Light works with robots

This presentation will cover how robotics is used to automate repetitive tasks in industrial production, enhancing efficiency and safety. We will focus on collaborative robots (Cobots), which work alongside humans to take over repetitive or hazardous tasks. These solutions are increasingly being adopted in industries to improve productivity and reduce costs.

About the speaker:

Yukiko Nakagawa

RT Corp

In 2005, she started RT Corporation, a company that develops, sells, and trains university students and professional engineers about service robots, and became its representative director. RT is the official ROS supporter of Denso Wave COBOTTA. RT is also a Jetson Education Partner. Concerning Google ADK production and sales, RT became the first Japanese company to be introduced at the Google I/O in 2011. In 2015, she was selected as one of the “25 Women in the World You Should Know in the Robotics Industry” by ROBOHUB in Silicon Valley, USA. In 2017, the company received investment from the Mirai Sousei Fund as a lead investor to develop Foodly, a humanoid collaborative robot for food factories.
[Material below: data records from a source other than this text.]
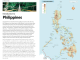 Reisgids Philippines Filipijnen - Rough Guides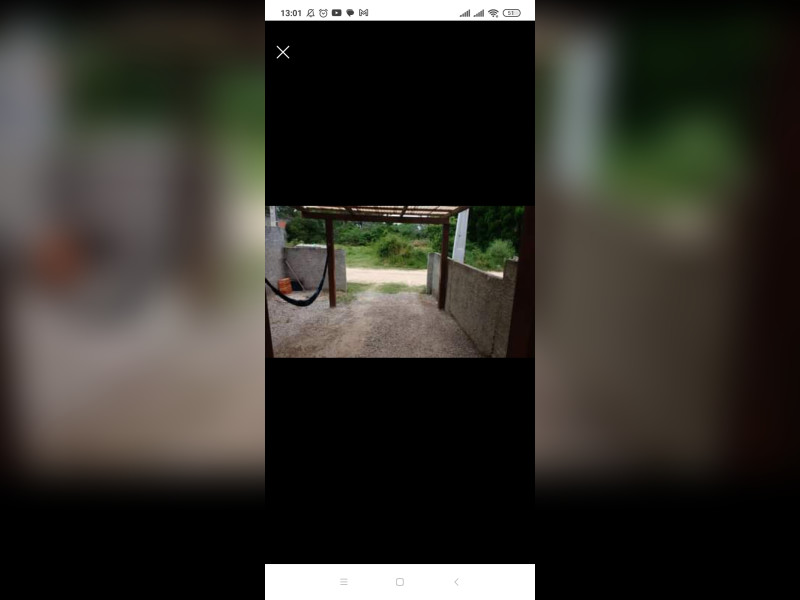 Casa à venda São João do Rio Vermelho com 130m² e 3 quartos por R$ 200.000 - screenshot-2024-01-12-13-01-12-534-comfacebookkatana.jpg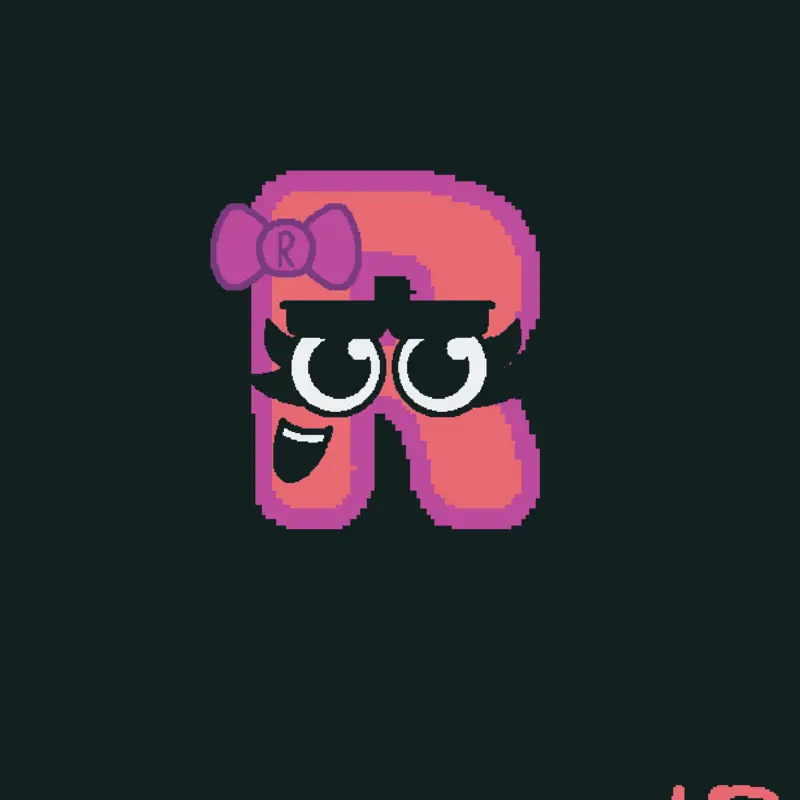 Game by @HalloweenLandryy729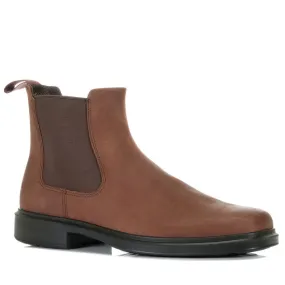 ECCO Helsinki 2 Chelsea Boot Maat 46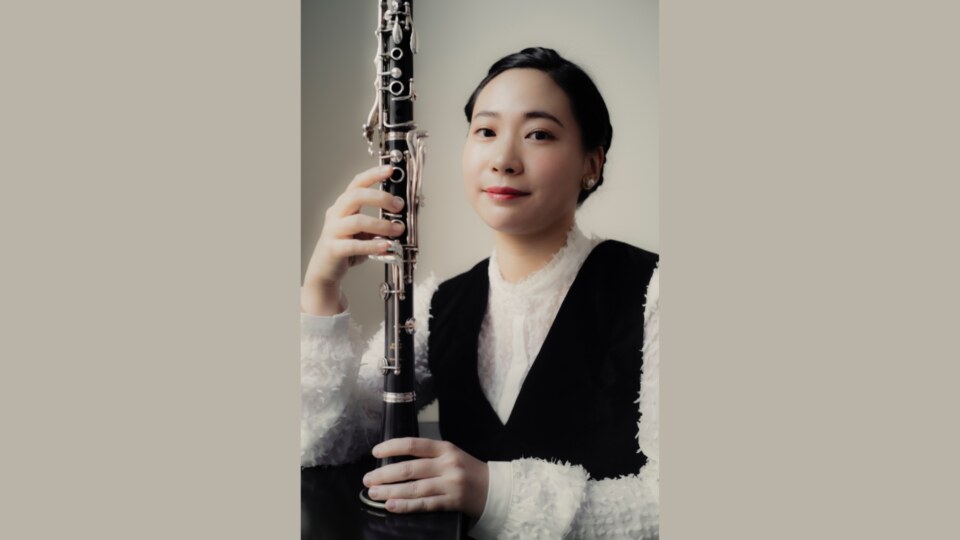 Maezawa Rina_aangepast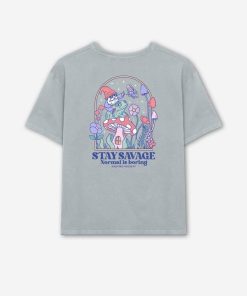 Vogueunion.shop3c2d661377 1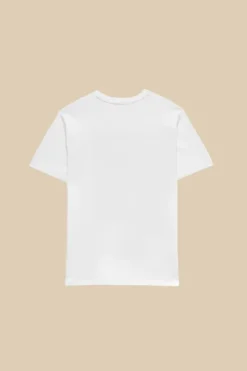 Donna Roy Rogers Polo E T-shirts|T-shirt 70th In Jersey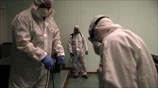 Ελλάδα-COVID-19: Νεκρός 35χρονος χωρίς υποκείμενο νόσημα - 119 συνολικά…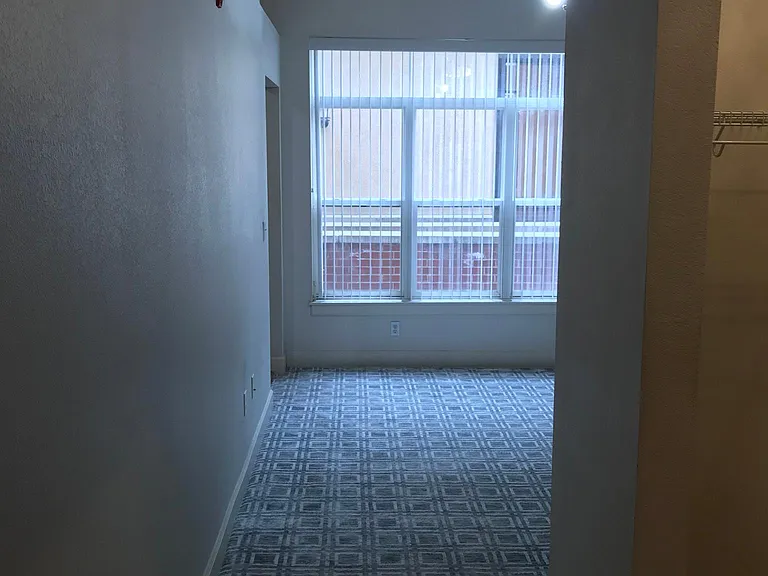 5677 Park Place Ave #103A — Photo 4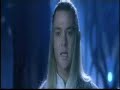 Hobbits to Isengard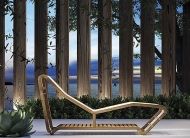  Infinity.  Atmosphera, .           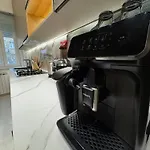 Family Boreas * 的里雅斯特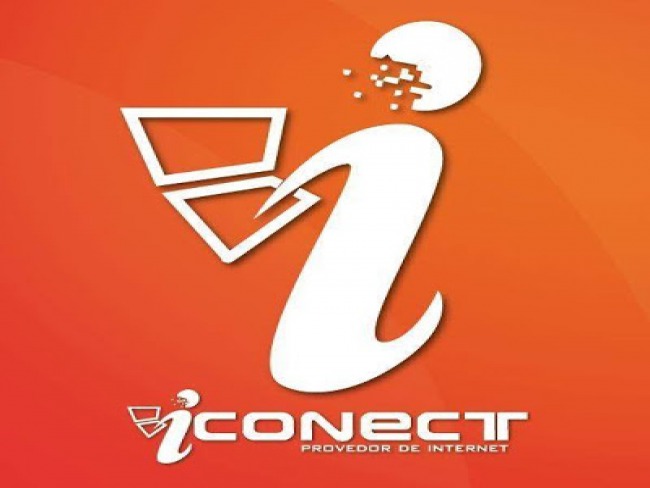 iConect Provedor de Internet adquire testes rpidos para diagnstico de Covid-19
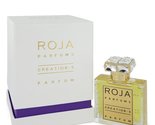 Roja parfums roja creation s 1.7 oz perfume thumb155 crop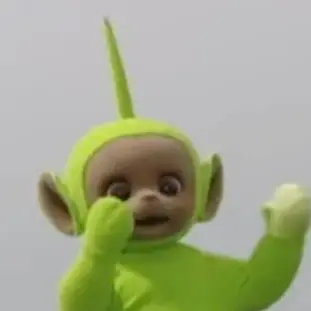 Profile image of 뚜비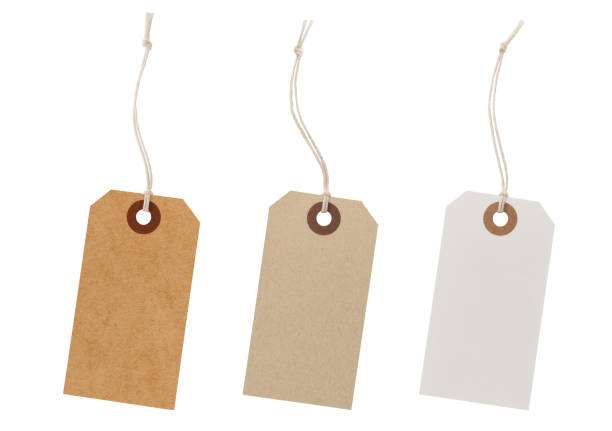 Private Label vs White Label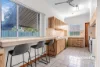 57 Bishop Road, Middle Swan, WA 6056-Image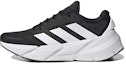 Buy adidas Adistar 2.0 'Black White' HP2335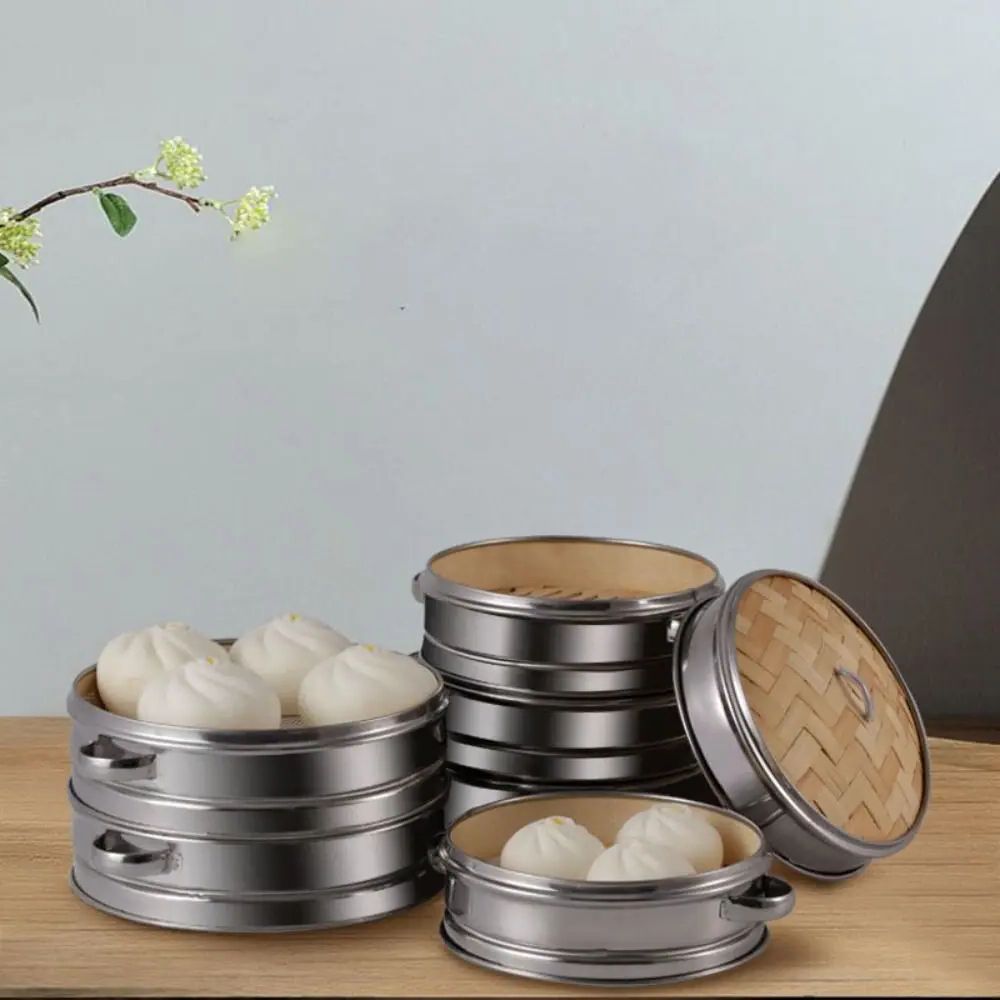 Artesanía de Calidad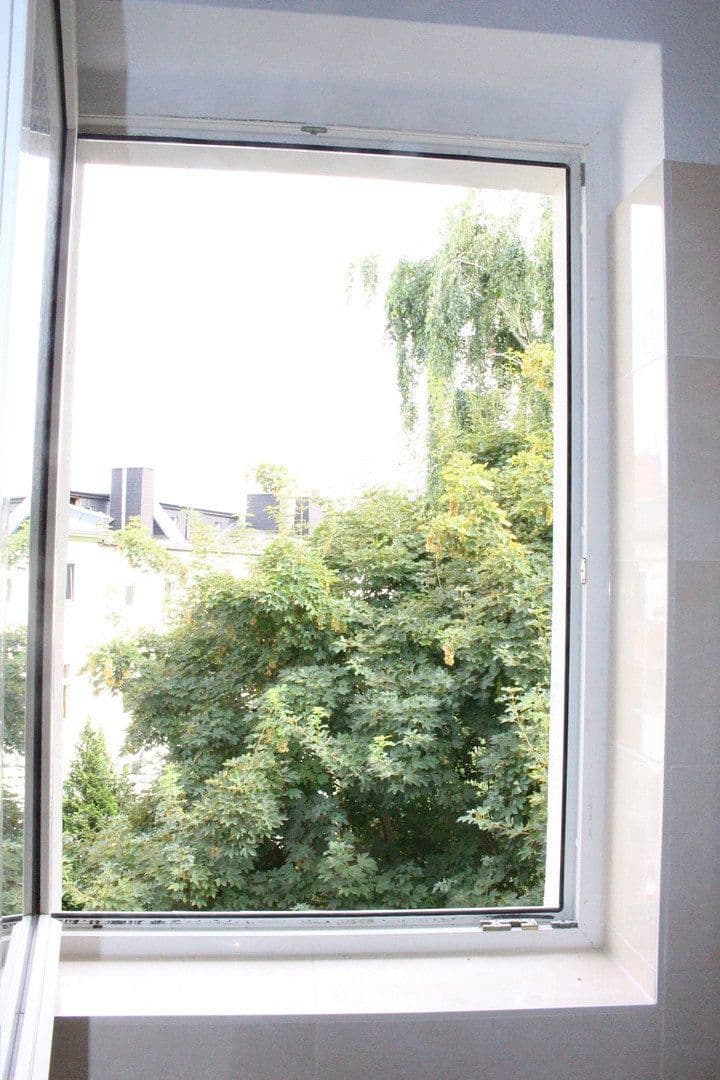 4 bedroom flat to rent, 117 m², Lessingstraße 57, Magdeburg, Saxony-Anhalt 4 bedroom flat to rent, 117 m², Lessingstraße 57, Magdeburg, Saxony-Anhalt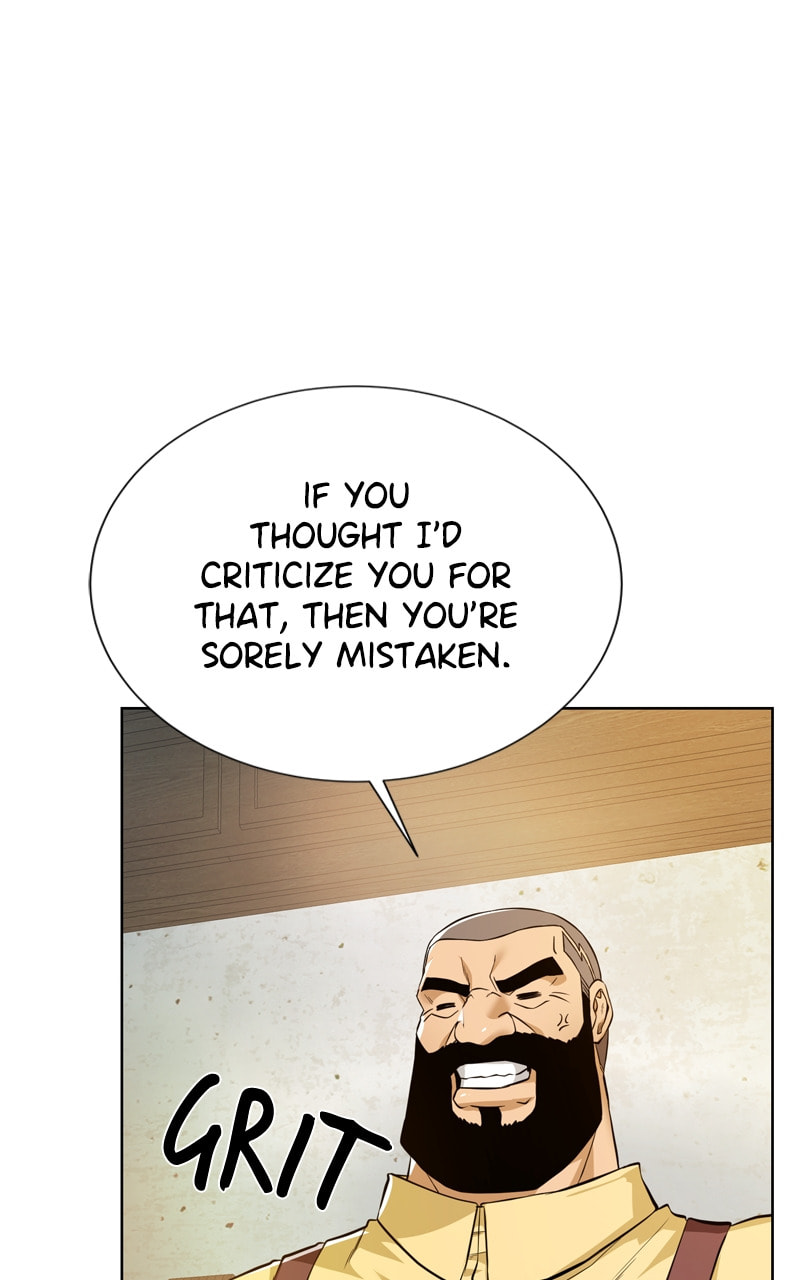 Read Dungeons & Artifacts chapter 124 image 67 on Lezhin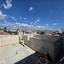 3 bedroom apartment for sale germasogeia limassol 8291942 thumbnail 14859134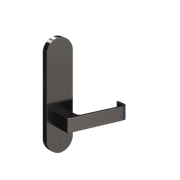 Legge 500 Series Bergen (B) Door Furniture gallery detail image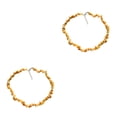 thumbnail image 2 of Sonducket Aleación perfecta para cualquier ocasión: collar de piedra de diseño único para mujer, collar de mujer, accesorios, collares Y13 piedra topacio 1 2Conjunto, 2 of 6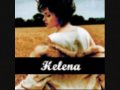 Helena Bonham Carter - Scandalous Helena Bonham Carter - Scandalous
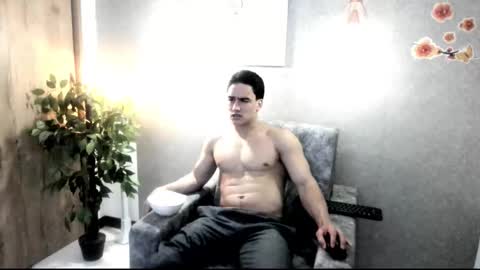 Snapshot of battista_turner chatting on 10/14/25, 02:12 battista online show from 10/14/25, 02:12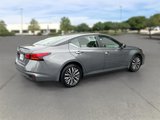 Certified 2024 Nissan Altima 2.5 SV image 5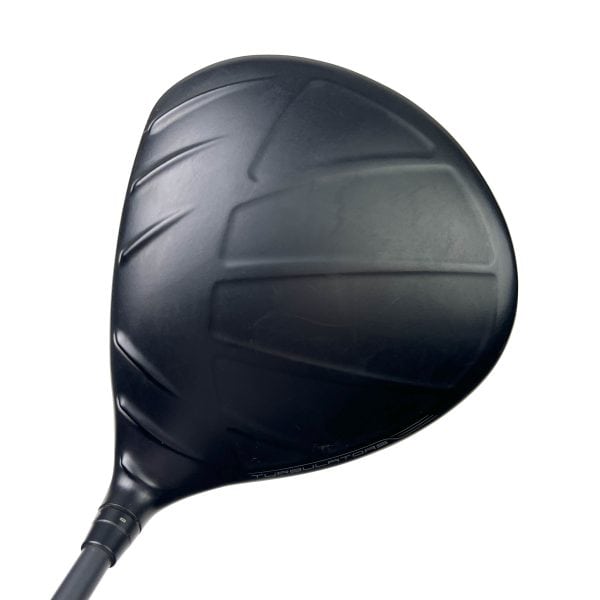 Ping G Series SF Tec Driver / 10 Degree / Alta 55 Stiff Flex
It is also attracting attention as a rapidly growing venture. She has published many papers and books, and writes a column for robotics or food magazines. She is also the executive director of the New Technology Foundation, which organizes Micromouse, a maze analysis robot competition, and a board member of ROSConJP, a general incorporated association. In 2020, she received the Strait of Magellan Award. In 2022, she was certified as a fellow of robot education and food robotics from the Robotics Society of Japan.

About the speaker:

Daniel Hiroshi Neagari

RT Corp

Daniel Hiroshi Neagari is a seasoned professional with extensive international experience in business development, sales, and trade relations. Fluent in Japanese, Spanish, and English, he has worked in key roles within Japan, including his current position in international sales at RT Corporation, where he establishes new client relationships in both academic and industrial sectors. Previously, Daniel served as a commercial advisor for the Chilean and Colombian trade commissions, where he produced reports on bilateral commerce, agricultural affairs, and food safety. His expertise includes managing relationships with ministries, public organizations, and industries, facilitating international collaborations, and supporting the promotion of products and services. With a background in marketing, project coordination, and strategic planning, Daniel has also worked on projects across various countries, including Chile, Panama, Pakistan, Kenya, and Malawi. His multicultural skills and ability to navigate complex trade environments make him a valuable asset in international business and commerce.